Kekhawatiran Taiwan juga membuat mereka mempererat hubungan keamanannya dengan sekutu, termasuk Amerika Serikat. Padahal AS tidak memiliki hubungan diplomatik resmi dengan Taiwan tetapi merupakan pendukung internasional terkuat dan pemasok senjata utama.
Forbes menyebutkan dari data satelit Tiongkok menempatkan sejumlah jet tempur di Pulau Woody atau Pulau Yongxing, Kepulauan Paracel, Laut China Selatan. Kepulauan Paracel menjadi sumber sengketa antara Tiongkok dan Taiwan serta Vietnam. Sedangkan Pulau Woody merupakan lokasi pangkalan militer terbesar Tiongkok di Laut China Selatan.
Militer Tiongkok atau Tentara Pembebasan Rakyat (PLA) memang menyatakan menggelar latihan serangan maritim di Laut China Selatan akibat provokasi Amerika Serikat. Sejak awal Juli, AS mengirim dua kapal induknya ke Laut China Selatan untuk menggelar latihan.
Berdasarkan laporan media Tiongkok, Global Time, Beijing menganggap kapal perang AS telah menerobos wilayah Tiongkok dengan berlayar ke perairan Kepulauan Nansha pada 14 Juli lalu.
Mantan Komandan Sekutu Tertinggi Pakta Pertahanan Atlantik Utara (NATO) dan pensiunan Angkatan Laut AS, Laksamana James Stavrdis dalam opininya di Bloomberg, Jumat (22/5) mengatakan, yang menjadikan kawasan Laut China Selatan strategis karena dasar lautnya penuh dengan cadangan minyak dan gas.

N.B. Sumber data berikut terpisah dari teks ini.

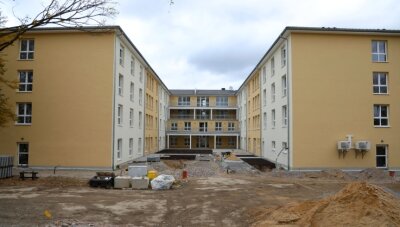 Ein Bau mit vier Jahrzehnten Verspätung - In der Straße Am Feierabendheim in Glauchau entsteht das neue Pflegeheim, das am 1. April in Betrieb gehen soll. 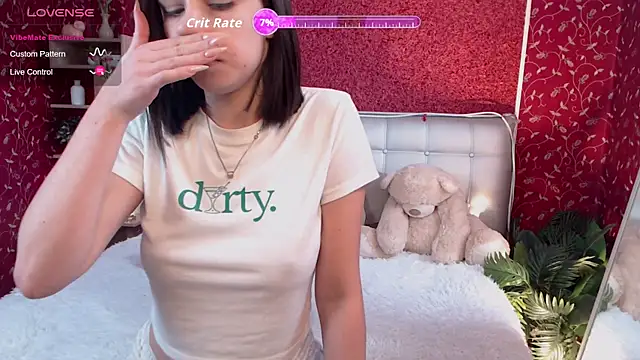 AuroraAksnesss online show from 03/18/26, 11:02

Selain itu, hampir 40% perdagangan internasional melewati jalur ini. Itu belum menghitung melimpahnya ikan kerapu, napoleon, hingga lobster yang bernilai tinggi di perairan ini. Maka tak jarang konflik antaranegara yang berbatasan di wilayah ini dipicu oleh insiden yang melibatkan nelayan.
Menurut Stavrdis, Tiongkok telah mengklaim sebagian besar Laut Cina Selatan sebagai laut teritorialnya. Dasar-dasar historis klaim Tiongkok terhadap wilayah ini bermula dari pelayaran laksamana Zheng He abad ke-15. Stavrdis menulis tentang laksamana Zheng dalam buku terbarunya "Sailing True North".
Stavrdis mengatakan, Tiongkok tidak memiliki dasar hukum untuk mengklaim seluruh Laut Ciina Selatan sebagai ‘danau’ pribadi mereka. Klaim Tiongkok ini telah ditolak dengan tegas oleh semua negara yang berada di sekitar badan air ini dan pengadilan internasional.
Untuk melawan klaim Tiongkok, Angkatan Laut AS melakukan apa yang disebut kebebasan patroli untuk menunjukkan bahwa Laut Cina Selatan adalah perairan internasional, atau laut lepas. Namun, patroli AS ini kerap memperuncing masalah.